-- Exercise requirements --
A verbatim transcript of the data below is required, images omitted.

-- Collected material --
***

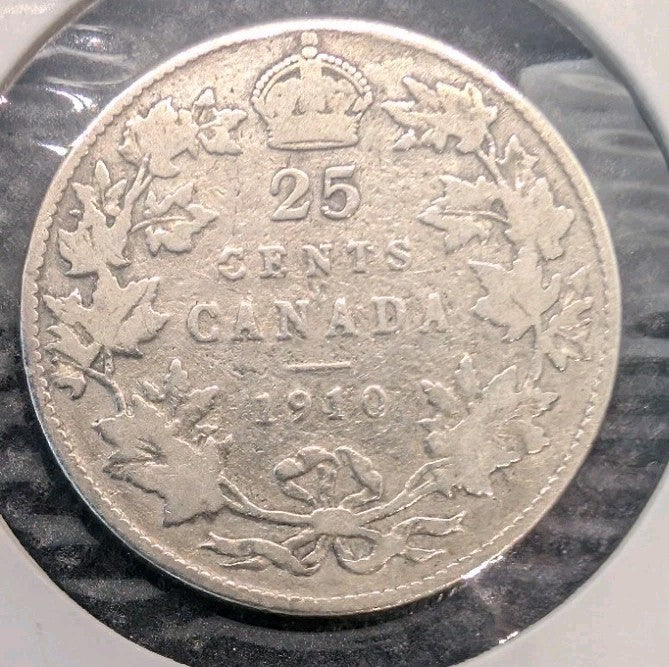 1910 Canada 25 Cents Silver Quarter G4 - Edward VII - KM#11- 92.5% Silver0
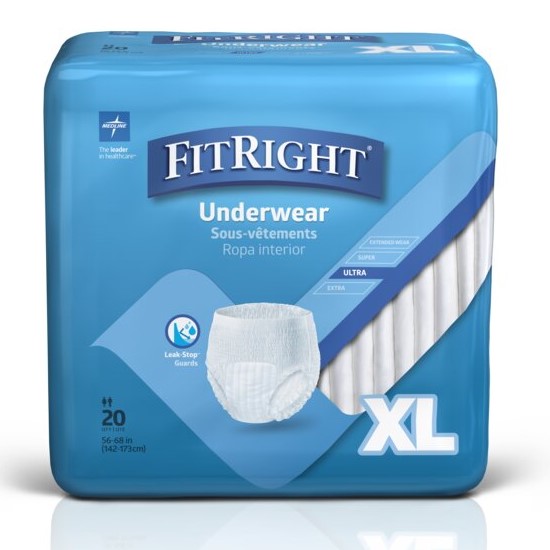 Medline FitRight Ultra Disposable Underwear XL 80Ct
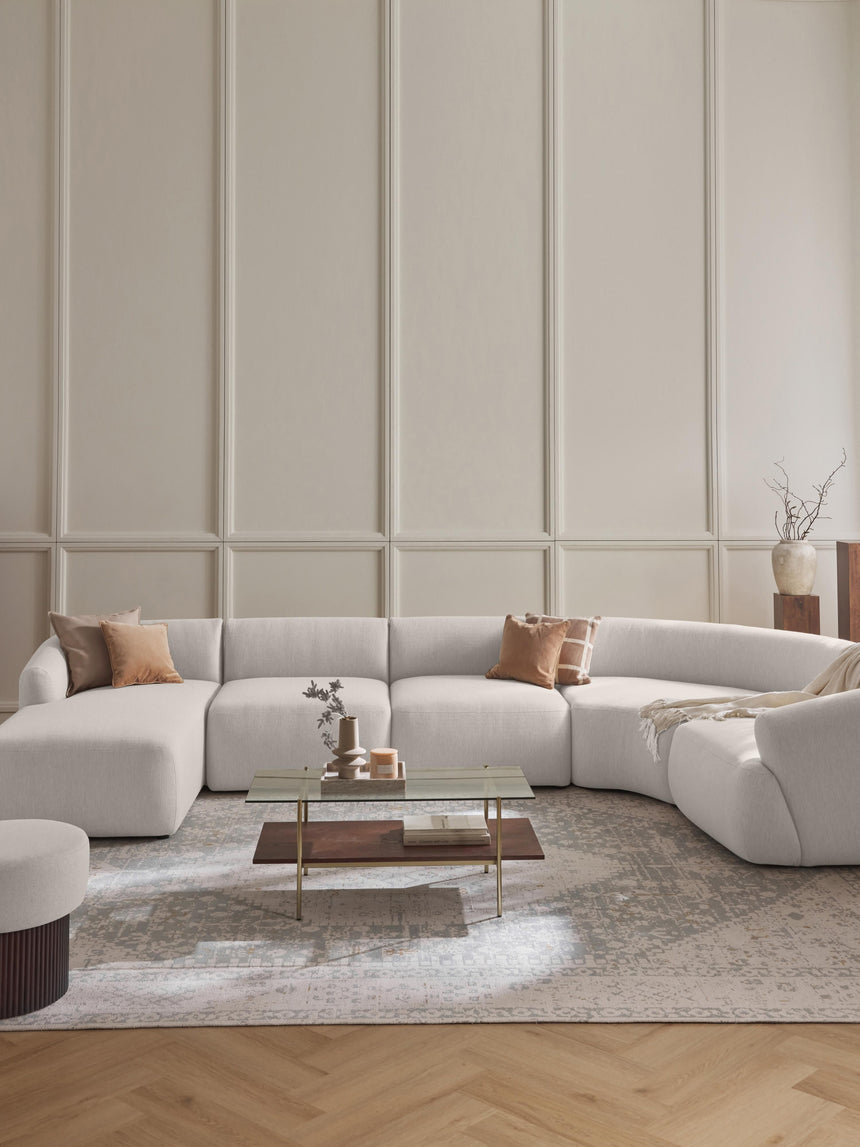 Modern Big Köşe Koltuk Kırık Beyaz Dokuma Kumaş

***

-- Completed task --
 1910 Canada 25 Cents Silver Quarter G4 - Edward VII - KM#11- 92.5% Silver0
 Medline FitRight Ultra Disposable Underwear XL 80Ct
 Modern Big Köşe Koltuk Kırık Beyaz Dokuma Kumaş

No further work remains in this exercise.